JOYCE Mujuru was sworn in as Zimbabwe's first woman vice president on Monday.

Her path to the vice presidency was cleared by a ZANU-PF congress resolution at the weekend, which stated that one of the party's two deputy presidents had to be a woman. Mujuru, a liberation war hero, was picked for the post.

President Robert Mugabe reportedly said, "When you choose her as a vice president, you don't want her to remain in that chair do you?" - a suggestion that Mujuru, a long-standing cabinet member, was in the running as his successor when he retires in 2008. Joseph Msika, his other vice-president, turns 82 this week.

But Mujuru's nomination has generally not been viewed as paving the way for her to become Africa's first woman president, more a means of blocking other powerful individuals for the deputy post that fell vacant with the death last year of Simon Muzenda.

Led by First Lady Grace Mugabe, the ZANU-PF Women's League proposed earlier this year that one of the three senior positions in the ruling party should be allocated to a woman. The president backed the move.

However, six of the party's 10 provincial chairmen and a militant war veterans leader opposed Mujuru's elevation and were suspended on Wednesday.

Mugabe and Mujuru both belong to the Zezuru subgroup of the majority Shona people and are from Mashonaland in the north of the country.

The biggest casualty at the ZANU-PF congress, which takes place every five years, was Jonathan Moyo, minister of state for information.
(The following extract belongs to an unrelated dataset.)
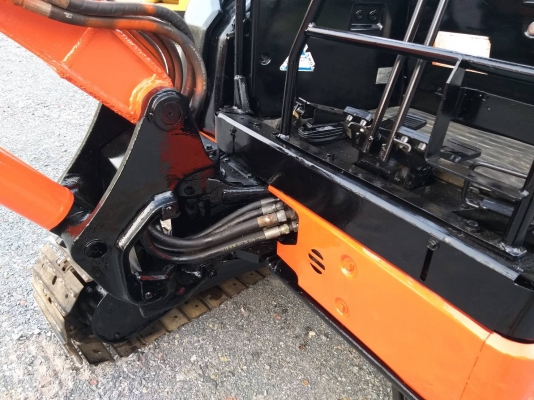 ขายรถแมคโค HITACHI ZX30U-2 แทรคเหล็ก คอนโทรลสั้น ปั้มนิ้ว มีไปบ์ปิ้ง ติอต่อ 063-5628992 ขายรถแมคโค HITACHI ZX30U-2 แทรคเหล็ก คอนโทรลสั้น ปั้มนิ้ว มีไปบ์ปิ้ง ติอต่อ 063-5628992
Moyo was publicly reprimanded by the party leadership for calling an unauthorised meeting of the six provincial chairpersons to lobby in favour of the speaker of parliament, Emmerson Mnangagwa, a former security chief.

Mugabe was reported as saying, "When Moyo came he worked hard towards improving people's lives, helped develop some schools in the constituency, and we all liked that. What is frightening now is the meeting of six ZANU-PF provincial chairpersons he allegedly convened without the mandate of the people."

Moyo found himself expelled from ZANU-PF's powerful Central Committee, despite having been elected by his province, Matabeleland North, last week.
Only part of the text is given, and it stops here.